Other investigative work includes workmen’s compensation fraud and employee theft cases.
“With workmen’s comp fraud, an individual has claimed an injury on the job and he’s refusing to come back to work. He shows up at his doctor’s visits with his neck brace on, and he walks out the door and pops it off and throws it in the back seat,” Black said. “We do that kind of work, also. Those are the good ones. Or you get an individual who’s suing someone — he’s claiming he can barely stand up. There we are behind him, or sitting in the bushes somewhere, filming [him] at a golf course swinging a golf club. That part of it’s rewarding, because you’re saving a company a lot of money.
“None of these things happen on a regular basis,” he said, “The majority of our work is guard service.”
Black said he has contracts for security work in Charles, St. Mary’s and Prince George’s counties, but most work is in D.C. He got his license to operate in Virginia about a year ago but hasn’t landed any regular contracts there yet.
“One thing about these contracts, once you acquire them you have to have people to go out and supervise them,” he said. “I couldn’t take a contract in Richmond, because I’d have to send someone down there on a daily basis to check these people. We’ve been looking at Fairfax, Arlington, Alexandria — close by.”
Patrick Waring of Waldorf, who maintains a fulltime job in an unrelated field, started as a security guard six years ago but quickly moved into a supervisory position the following year.
“I wanted something to do as a part-time job,” Waring said. “There was a lot of flexibility with the hours. I kind of like always working.”

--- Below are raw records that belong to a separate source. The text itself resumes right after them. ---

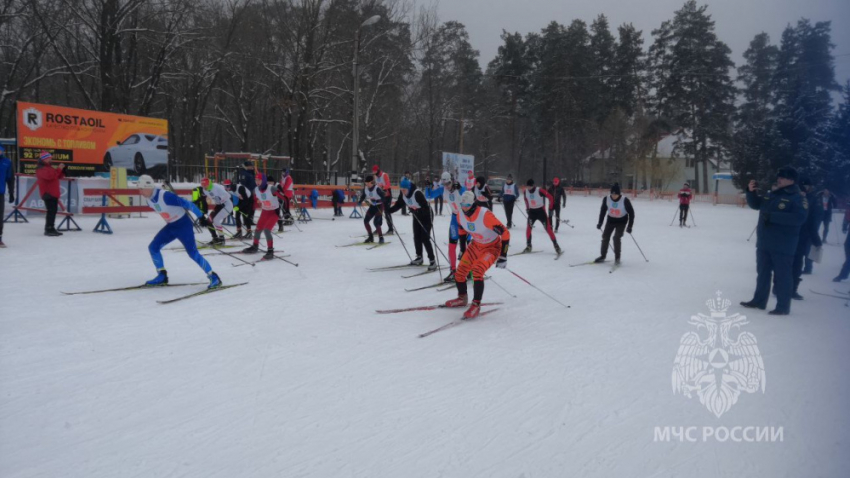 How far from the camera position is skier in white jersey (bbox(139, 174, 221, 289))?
7.07 metres

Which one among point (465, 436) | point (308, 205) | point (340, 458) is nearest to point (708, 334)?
point (465, 436)

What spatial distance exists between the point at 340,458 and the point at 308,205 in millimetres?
19807

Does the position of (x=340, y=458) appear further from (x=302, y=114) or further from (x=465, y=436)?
(x=302, y=114)

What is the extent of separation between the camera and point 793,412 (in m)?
3.79

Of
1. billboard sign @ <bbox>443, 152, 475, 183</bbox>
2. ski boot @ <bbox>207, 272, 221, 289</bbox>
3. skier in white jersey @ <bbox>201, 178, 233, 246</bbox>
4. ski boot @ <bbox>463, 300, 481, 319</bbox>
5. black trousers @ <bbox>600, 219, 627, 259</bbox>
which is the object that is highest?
billboard sign @ <bbox>443, 152, 475, 183</bbox>

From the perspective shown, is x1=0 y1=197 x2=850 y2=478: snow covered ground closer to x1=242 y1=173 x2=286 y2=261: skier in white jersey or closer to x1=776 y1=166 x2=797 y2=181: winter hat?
x1=776 y1=166 x2=797 y2=181: winter hat

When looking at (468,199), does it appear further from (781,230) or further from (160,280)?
(160,280)

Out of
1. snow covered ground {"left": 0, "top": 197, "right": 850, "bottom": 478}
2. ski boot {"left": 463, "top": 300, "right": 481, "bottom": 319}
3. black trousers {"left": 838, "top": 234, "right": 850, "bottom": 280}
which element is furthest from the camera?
black trousers {"left": 838, "top": 234, "right": 850, "bottom": 280}

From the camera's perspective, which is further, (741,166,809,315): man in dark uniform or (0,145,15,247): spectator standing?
(0,145,15,247): spectator standing

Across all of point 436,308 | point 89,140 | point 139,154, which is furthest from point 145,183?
point 139,154

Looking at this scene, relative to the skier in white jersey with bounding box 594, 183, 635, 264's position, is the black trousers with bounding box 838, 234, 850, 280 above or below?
below

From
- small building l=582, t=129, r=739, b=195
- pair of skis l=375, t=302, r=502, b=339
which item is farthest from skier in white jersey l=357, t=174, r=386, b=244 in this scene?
small building l=582, t=129, r=739, b=195

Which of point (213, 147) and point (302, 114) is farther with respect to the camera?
point (213, 147)

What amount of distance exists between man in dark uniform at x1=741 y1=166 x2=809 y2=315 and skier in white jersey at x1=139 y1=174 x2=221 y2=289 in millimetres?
7742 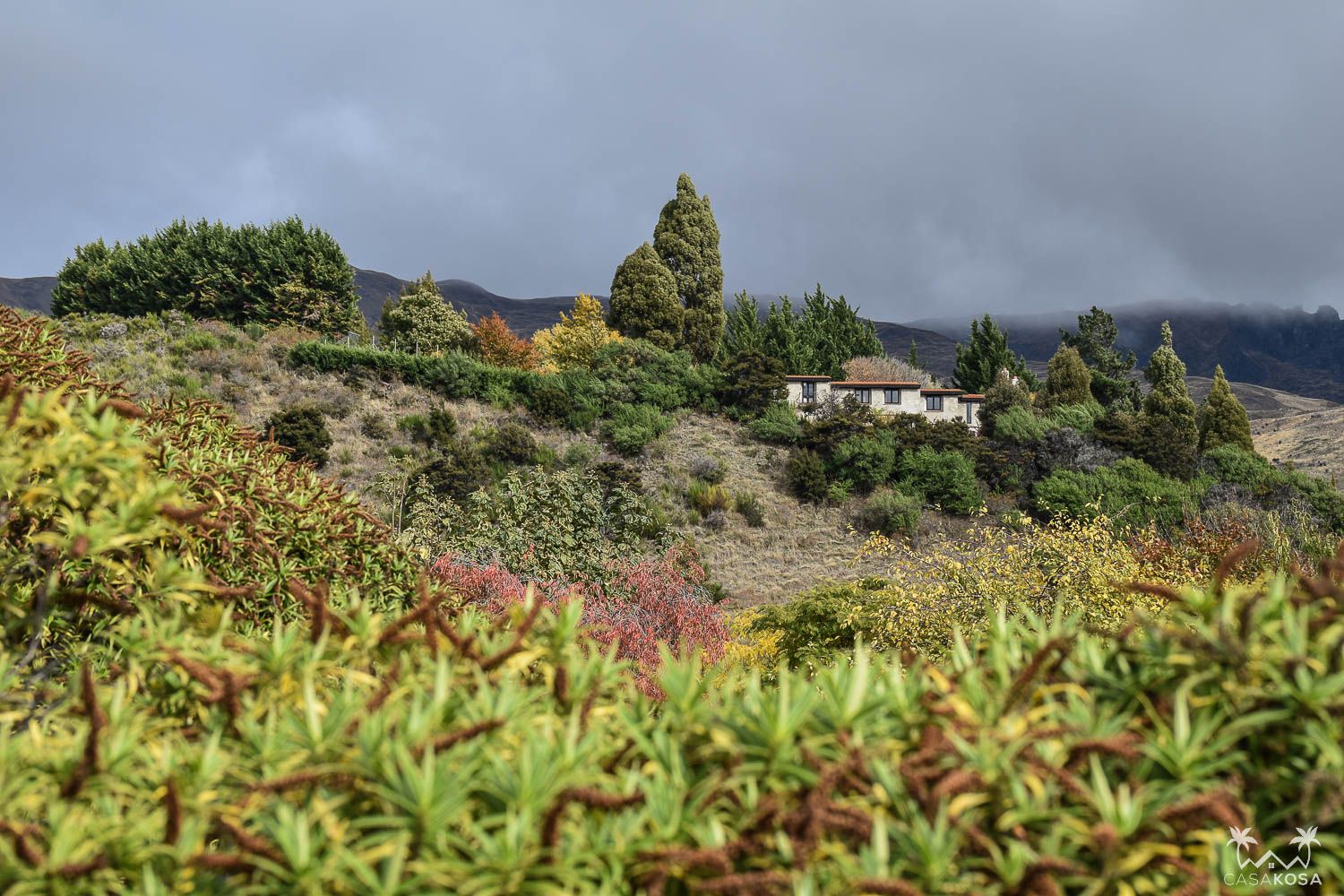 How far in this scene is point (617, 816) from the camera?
1186 millimetres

Waring has been around long enough to see the company grow, and has gotten to know Black well. He met him at a health club before signing on for guard work.
“To me, it’s an honor to work for Mr. Black,” Waring said. “I knew him before, but I’ve really gotten to know him on the job. He’s a hard worker, but he cares about his employees.”
The Governor’s Office of Minority Affairs agrees: It recently presented Guy Black with a Governor’s Citation recognizing his contributions to the Southern Maryland business community.
Black’s community involvement includes serving as a Charles County Liquor Board commissioner and serving on the boards of the Southern Maryland Minority Chamber of Commerce, South County (Prince George’s) Economic Development Association and the Derek Whittenburg Foundation in Raleigh, N.C., which helps students financially to finish their education.
Black was also a competitive weightlifter and started the Maryland State Police’s weightlifting team, which won titles at competitions around the world.
“My pastime is still weightlifting,” he said. “The [Maryland Independent] did a couple of articles on us when I was part of the state police weightlifting team. I don’t compete anymore. I haven’t competed since my last knee surgery back in ’09. But I still train because you never know when you have to be in good shape.”
Guy Black started Blackout Investigations and Security Services after a career with the Maryland State Police.